They'll give you a cert for free.
For vulnerability reporting, that's one sentence on a readme on your project page.
And another one that's common is knowing just the basics about secure design and common errors. And that's really just knowing kind of the basic principles, such as from Salter and
Schroeder, and knowing things like the OWASP top 10, what they are, how to counter them.
They aren't hard to do, but they're the sort of thing they're, oh, wait, we're, you know,
and while we could back off on those things, no one is actually suggesting that we should.
It's just that there's a number of projects that don't meet those sorts of things.
And so what we're trying to do is help, instead of changing the criteria, we're trying to help the projects actually meet them, which is going to be good for everybody.
All right, best to take a quick break here real quick.
When we come back, we have a couple of questions, I guess, mainly around not so much just the motivations, but also maybe how they maintain.
You know, for example, if someone gets to 100 percent and they get the badge and all that good stuff and they prove they're certified, they follow these best practices.
I'm curious on the the follow up, the, you know, kind of the checks and balances over the years, how that and how that works out.
But we'll take this break and we come back to that.
Every Saturday morning,
we ship an email called Change Law Weekly.

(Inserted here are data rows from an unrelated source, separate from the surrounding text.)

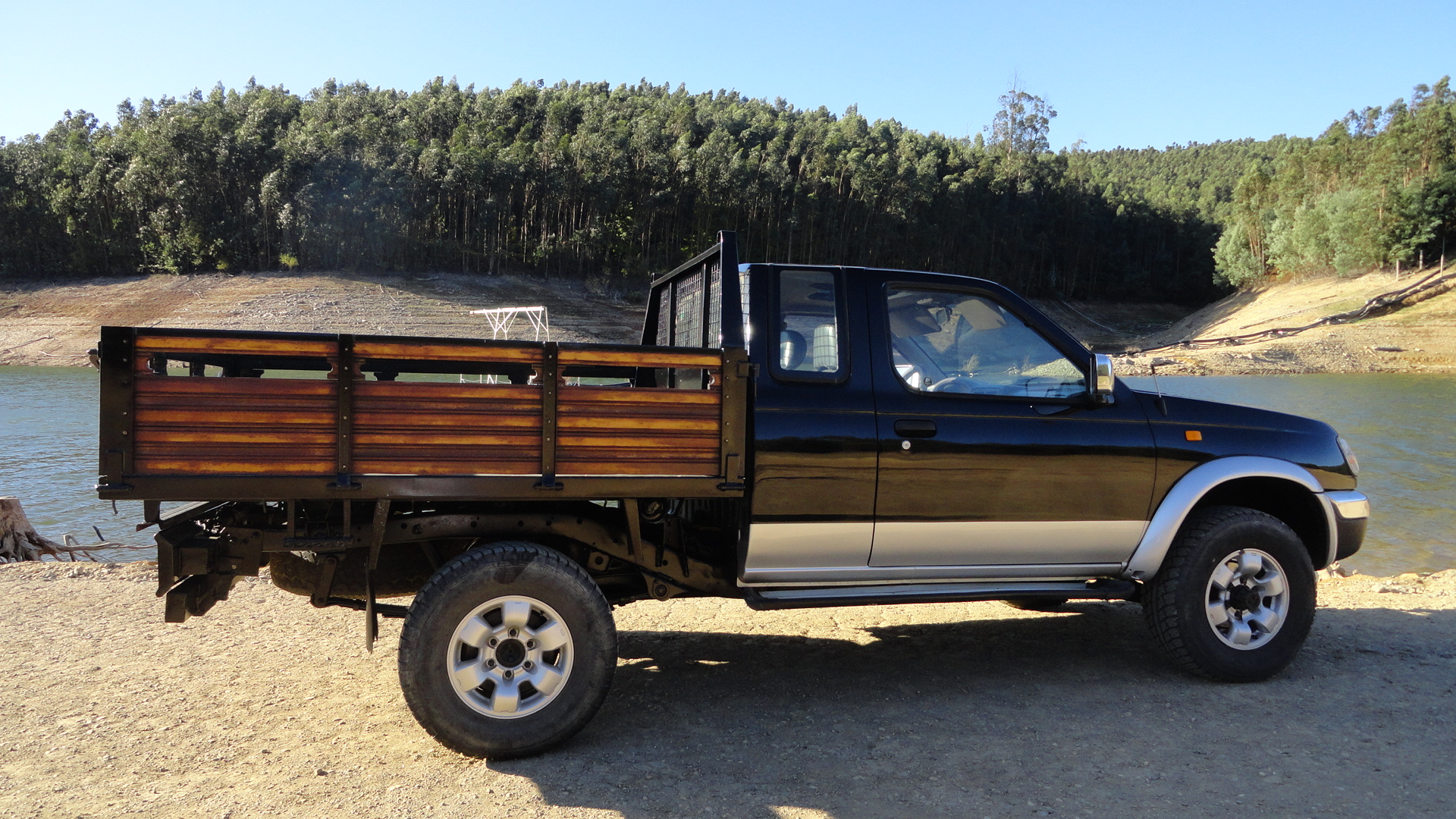 NISSAN NAVARA 2.5 TDI 4 LUGARES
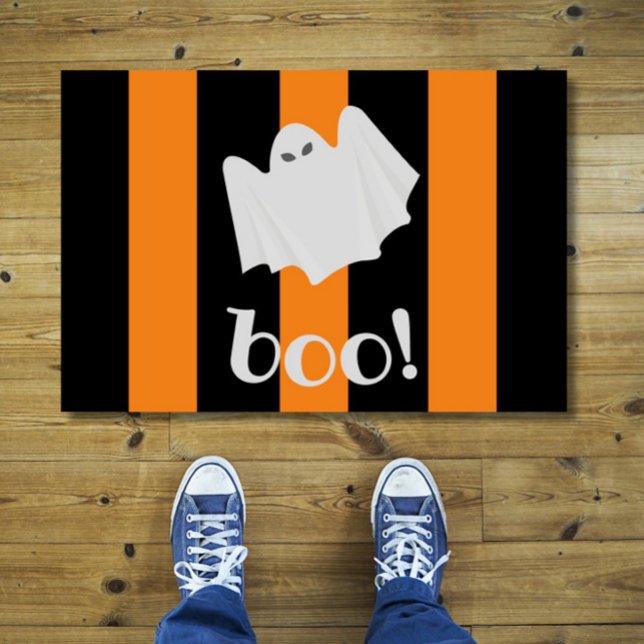 Tapete Porta do Fantasma das Bruxas Laranja e Preta (Add Halloween cheer to your home with this cute, funny ghost doormat!)
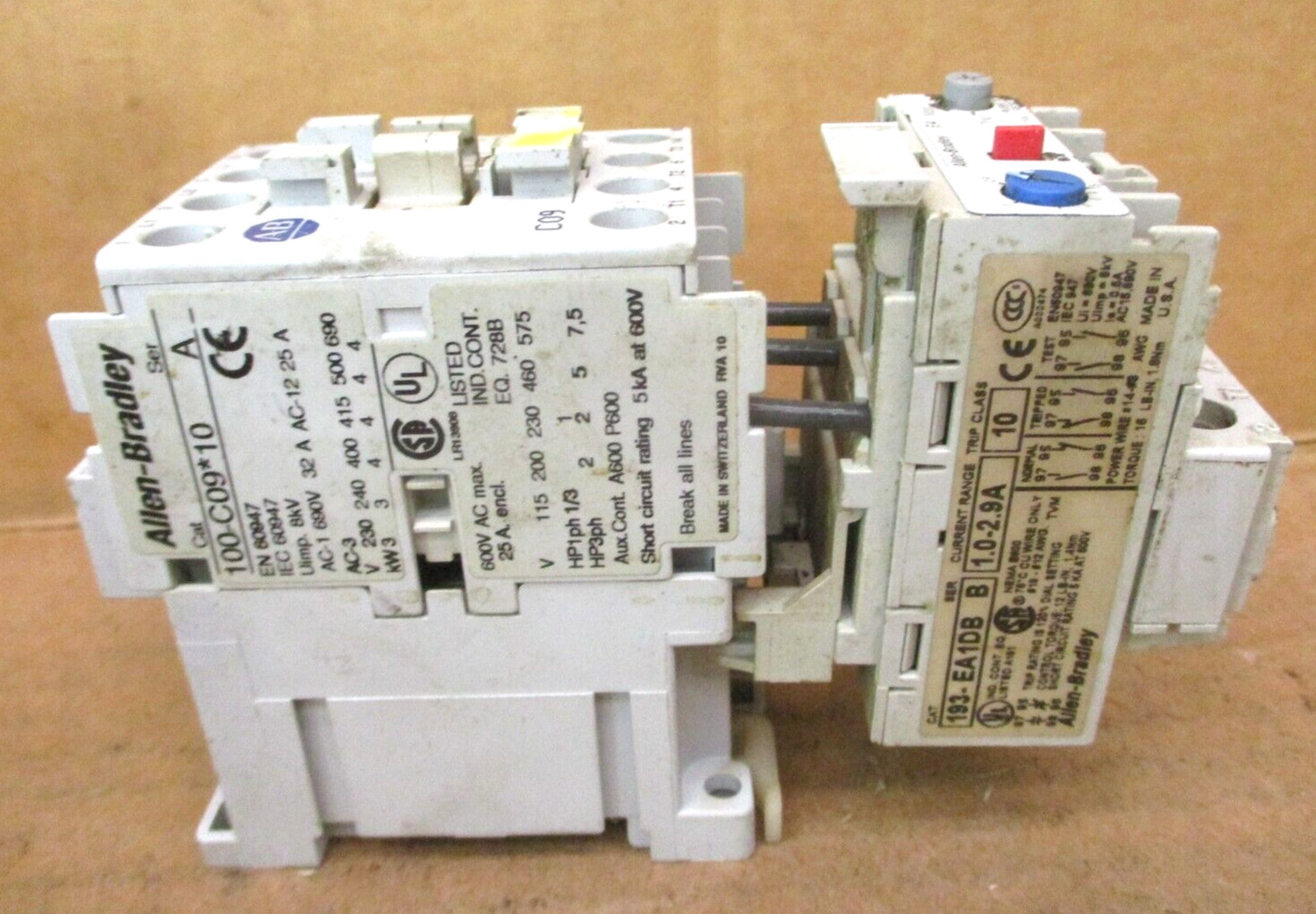 Allen-Bradley 100-C09*10 Contactor 193-EA1DB 50081HM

It's our editorialized take on what happened this week
in open source and software development.
It's not generated by a machine.
There's no algorithms involved.
It's me, it's Jared,
hand curating this email,
keeping up to date with the latest headlines,
links, videos, projects, and repos.
And to get this awesome email in your inbox
every single week,
head to changelog.com slash weekly and subscribe.
So we're back with David A. Wheeler
and we're talking about this great badge initiative
to show off the best
practices of core infrastructure out there. Obviously, as an industry, we're blindsided
by heartbleed, so something had to be done, and this is obviously a great initiative.
But David, in the side chat here we had before in our break, I'm kind of curious about
the motivations, right? So if someone's trying to do this
with the best practices,
they're not just trying to get a badge.
What's the motivation for this?
What are they trying to show off
that they actually follow the best practices?
Can you help break that down a little bit more clearly?
Sure.
I think really with the badge is all about
helping projects identify
what are those key best practices
that are going to help them be
successful, produce good results, and also for the potential users of that software,
help them figure out, gee, which projects are doing well versus the ones that are kind of in
trouble or kind of dodgy. So really, I would strongly encourage any open source software
project, go to the bestpractices.coreinfrastructure.org
site uh click on get a badge and get a badge for your open source project um this is for everyone
not not for you're not small just everyone everyone because because the whole point is hey
there's just somebody probably depends on the software that your project develops.
So for somebody, you're important.
And in fact, for most projects, people often have no idea how many other people really depend on that software.
And I think most, almost everybody, you're involved in an open source project.
You're not there to produce crap.
You're there to try to make something that's useful and helpful. And you want to do that by doing the right things. Well, what are
those right things? What are the things that are more likely to make your project successful?
So I've emphasized the badge because it's a convenient shorthand, but really the goal isn't
get a badge. The goal is do things that are going to help you succeed. And by talking to
everybody that we can, getting that experience from projects that are both old and new,
people who've studied it, what are the things that are really kind of those fundamental things?
And then from there, we've distilled it down to a set of these are the things you should be doing and you know by by getting a
badge uh not only are you showing your users hey we're on track but in fact you're helping make
your project better uh for uh for the future and on the consumer side of that the benefit is once
these badges you know get to be uh in such numbers that you come to expect them, at least on certain projects,
you can use that as an indicator of,
if not the quality of the project,
because there's other things.
You can look at the code coverage,
what's the code scoring system
where they have A pluses and B minuses and whatnot.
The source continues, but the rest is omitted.